If it comes down to a choice between Asia’s two main autumn markets, Tiffcom may have an edge simply because it is located in Japan. The reaction of many sellers to the huge decline in Japanese buying activity is to take a trip to Tokyo to meet local distributors.
“You have to develop the Japanese market if you’re handling arthouse films because, even though it’s become extremely difficult, the audience here is very sophisticated,” says James Liu of Taiwan’s Joint Entertainment. “We’ve had a lot of interest here for our documentaries such as KJ: Music And Life and Yellow Sheep River.
Chinese distributors are not interested in these kinds of films.” Market venues also play more of a role in the decision-making process than some companies would like to admit. One of the charms of Pusan is that it is a beach festival, almost like a mini Cannes. But the organisers are planning to move it to a purpose-built centre further down town.
If the industry has to choose between the metropolises of Busan and Tokyo, the latter arguably has greater appeal.
However, in terms of programming and festival events, Pusan still has the edge as a platform for new Asian cinema. Although this year’s edition was not one of the best, discoveries in the New Currents competition section included Park Chan-ok’s Paju, So Sang-min’s I’m In Trouble, Shawkat Amin Korki’s Kick Off and Mundane History from Thailand’s Anocha Suwichakornpong, all of which are likely to be screened at other festivals.

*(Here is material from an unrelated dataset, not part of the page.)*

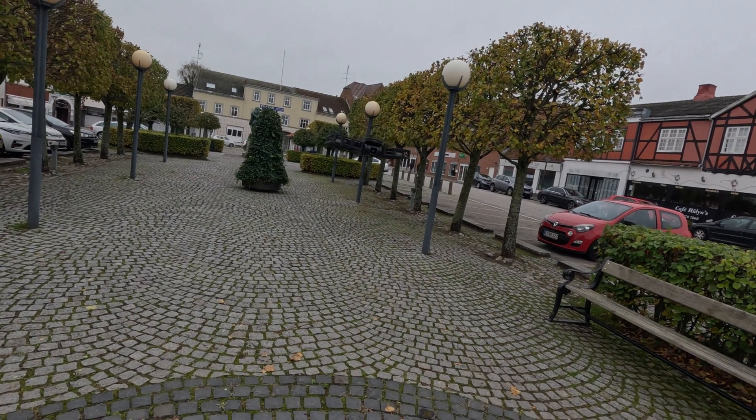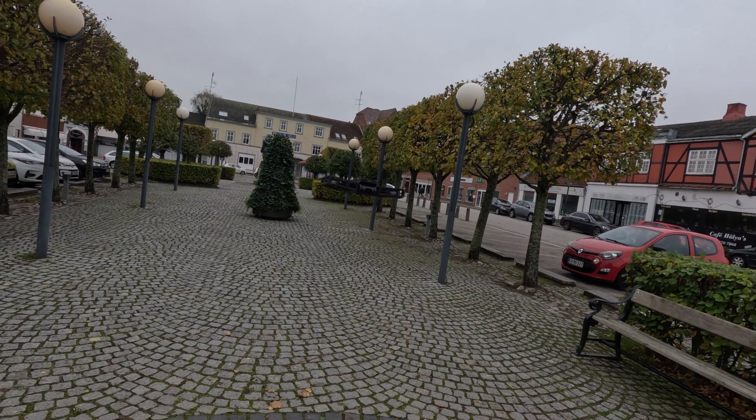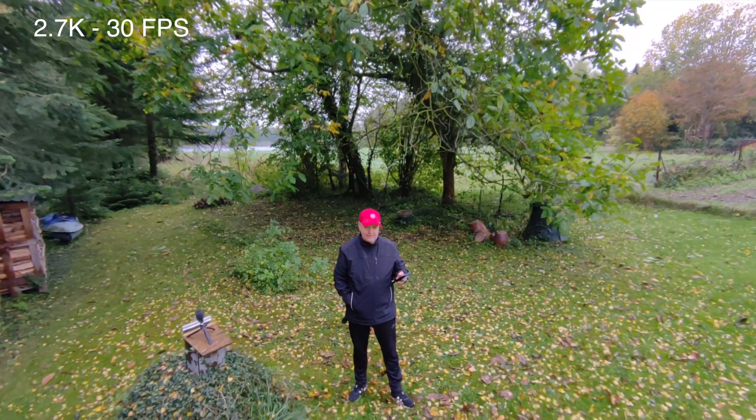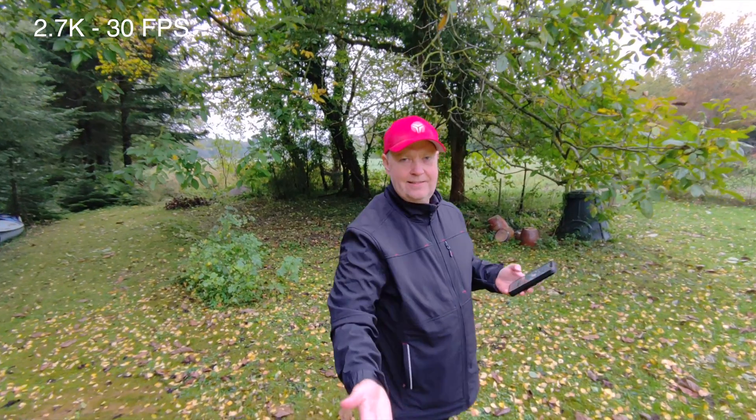This is an action camera that can fly and you don't need a remote to operate it. I would go as far as saying this is the perfect camera for solo creators — a reality that I face most of the time. So this is at least a big upside for me.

On this score, Pusan could perhaps take a leaf out of Venice’s book and concentrate on being the most prestigious autumn festival in its region, and leave the buying and selling activity to Tokyo. “Pusan is important for getting our films seen by the leading programmers,” says Joint Entertainment’s Liu. “Most of the Asian festivals attend, along with Sundance, Berlin and Rotterdam.”

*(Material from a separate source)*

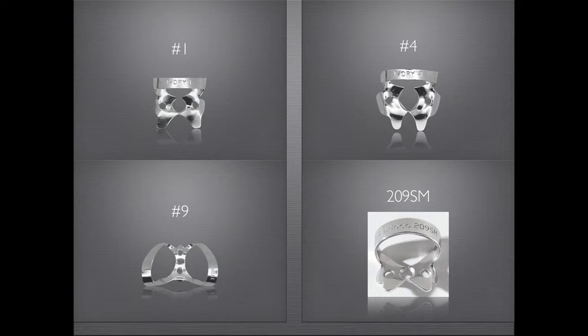The four rubber dam clamps I use are the number one, the number four, the number nine, and the 209SM.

Pusan also has the added attraction of a highly respected projects market, Pusan Promotion Plan (PPP), the genesis of many award-winning films, which will ensure industry people from all around the globe continue to attend the festival. On the sidelines, it also has the Film Policy forum, at which film commissions from around the region discussed the introduction of incentive programmes. Although not of interest to everyone, it offered a different angle on the seminars and sales booths.